Friday, June 7, 2013
Honestly, distraction from it helps. It actually helps a lot. During my vacation two weeks ago, I was reminded that life can be just fine—perfect—still. Okay, okay—that was on vacation. But still.
I know every woman is different; I know every cycle is different; I know every embryo is different. Yada yada yada. But I feel the positive vibes, I guess. Do positive vibes even do anything?
Maybe I’m just excited. I’m also scared. I hate the part where I can’t control anything. Right now I—or my doctor—can control everything.

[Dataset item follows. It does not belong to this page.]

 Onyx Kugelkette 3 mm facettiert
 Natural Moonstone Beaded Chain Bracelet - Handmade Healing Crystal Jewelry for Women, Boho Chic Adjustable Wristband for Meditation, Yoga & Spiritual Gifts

I don’t like cheese right now. You will probably never know me to say this again.
OH INFERTILITY. Same shit; different day.
Actually, I don’t know what I want to eat anymore. It’s very frustrating because I have this passion for food. I don’t deserve to not be obese with my passion for food. But I’ll take all the blessings I can get, right?
Anyway, this verse means something to me. It actually means everything to me because the fear I have—the fear I always have—is rooted in my past experiences, my past heartache.
“Forget the former things; do not dwell on the past. See, I am doing a new thing! Now it springs up; do you not perceive it? I am making a way in the wilderness and streams in the wasteland.” (Isaiah 43:18-19)
My egg retrieval will probably be Tuesday. My transfer will probably be next Sunday.
Third time’s the charm?
Friday, June 21, 2013
Depressed. Hopeless. Sad. Heartbroken. Empty.
I don’t know what to do if this can’t work. Can it work?
Why do I have to deal with this?
Why does this exist?
How can I move on with my life?
When will I move on with my life?
What will my life be like in one year? In three years?
I just want this to be over.
Thursday, June 27, 2013
I am pregnant.
No, I don’t know what to say.
My armpits are sweaty, I have a dull throb in my head, my appetite is shot as I shove grapes down my throat. After all, it’s time for my second dose of Metformin for the day.
I have waited over two years to write those words: “I am pregnant.”
I am amazed. I am thankful. I am so happy. I am calm.
I feel the same, but then I realize the weight is gone. I haven’t felt it lift yet, but it is gone.
At 12:18 p.m. today I started peeing on a stick, and at 12:21 p.m. there was—undoubtedly—a second line.
I will have more later; right now, I am just in shock. I don’t know what to say.
*** August 14, 2013: Unfortunately, I started losing this pregnancy two days later. This post concludes my Before My Blog series.